Form design improvements, such as enforcing units and scale in the input itself, removing silent carry-forward without review prompts, and structuring the form to reduce partial completion, would further improve consistency without adding complexity for authorities.
Finally, relatively light-touch governance improvements, such as capturing whether values are measured or estimated, recording sign-off responsibility, and versioning the form and guidance, would make it much easier to interpret changes over time and maintain confidence in the system.
A particular opportunity: a sector standard input form
A particularly significant opportunity arises from the fact that NHT has already developed an Annex A input form, which some authorities have used successfully to publish their returns. This is built on the experience of setting up and running the largest performance benchmarking network in the sector. Where the input data feeds directly into an SQL database.
This is not a theoretical solution but a working one, already aligned with authority practice and sector norms.
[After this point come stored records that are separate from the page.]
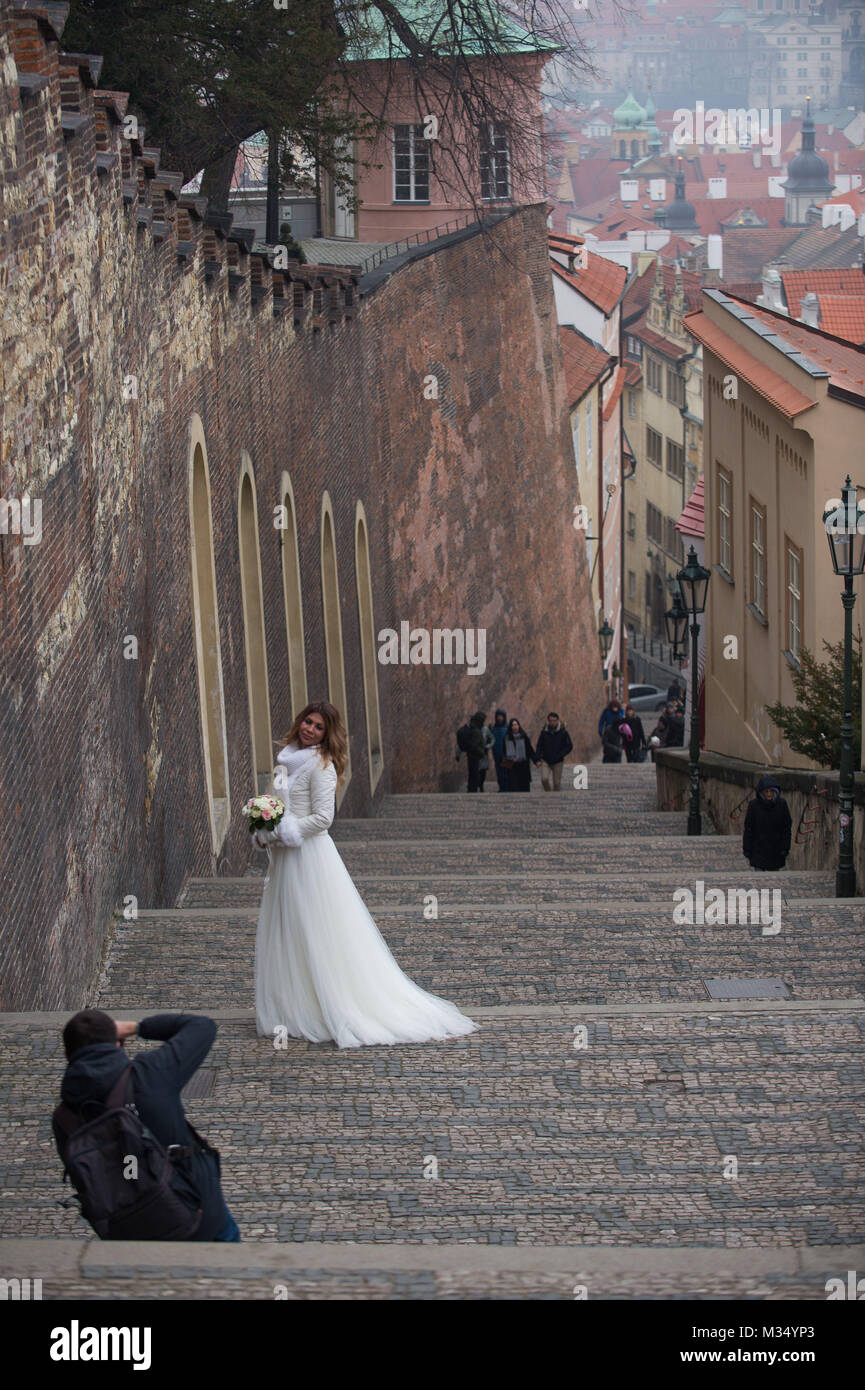 Prag, Tschechische Republik. 9 Feb, 2018. Eine kurze posiert für ein Foto beim Fototermin in Prag Prag ist die Hauptstadt der Tschechischen Republik. Es hat eine Bevölkerung von über 1,3 Millionen im Jahr 2017. Credit: Omar Marques/SOPA/ZUMA Draht/Alamy leben Nachrichten Stockfoto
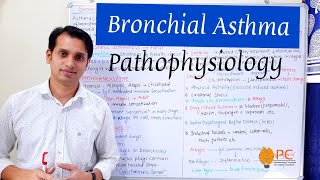 Bronchial Asthma Part 1 Pathophysiology of Asthma [upl. by Sugna903]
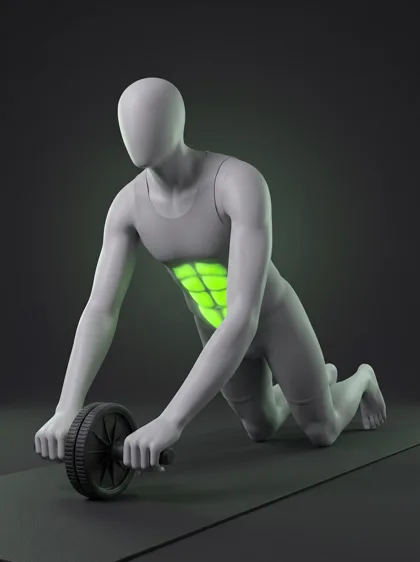 Ab Wheel Rollout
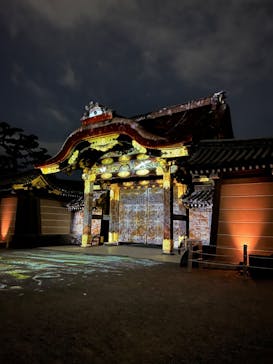 『NAKED FLOWERS 2023 桜 世界遺産・二条城』に投稿された画像（2023/4/2）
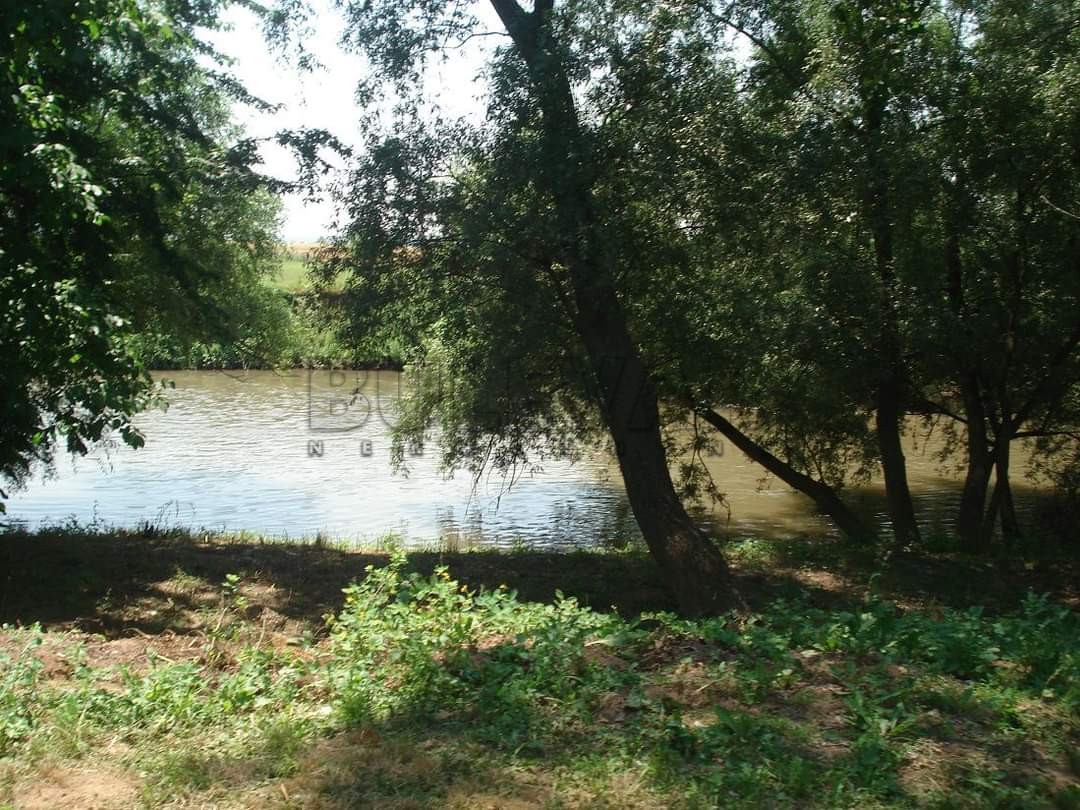 četvorosobna kuća, 144 m2, Trupale, Trupale ID: p-013881 14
Rolling this out nationally would transform the collection system with minimal additional development. It would enable validation at the right point, enforce structure and units, and dramatically reduce the burden of national aggregation, while remaining sector-led rather than centrally imposed.
Conclusion
The Transparency Returns have made an important contribution to transparency in local highway asset management. However, the current collection approach prioritises publication over evidence quality. The data quality issues observed are not primarily the result of authority behaviour, but of a decentralised, unvalidated collection model.
By modestly redesigning the collection system – particularly through standardisation and validation – DfT can substantially improve the quality, usability and credibility of the data, while reducing burden on both authorities and data users. NHT is well placed to support this transition, building on its existing tools, relationships and expertise.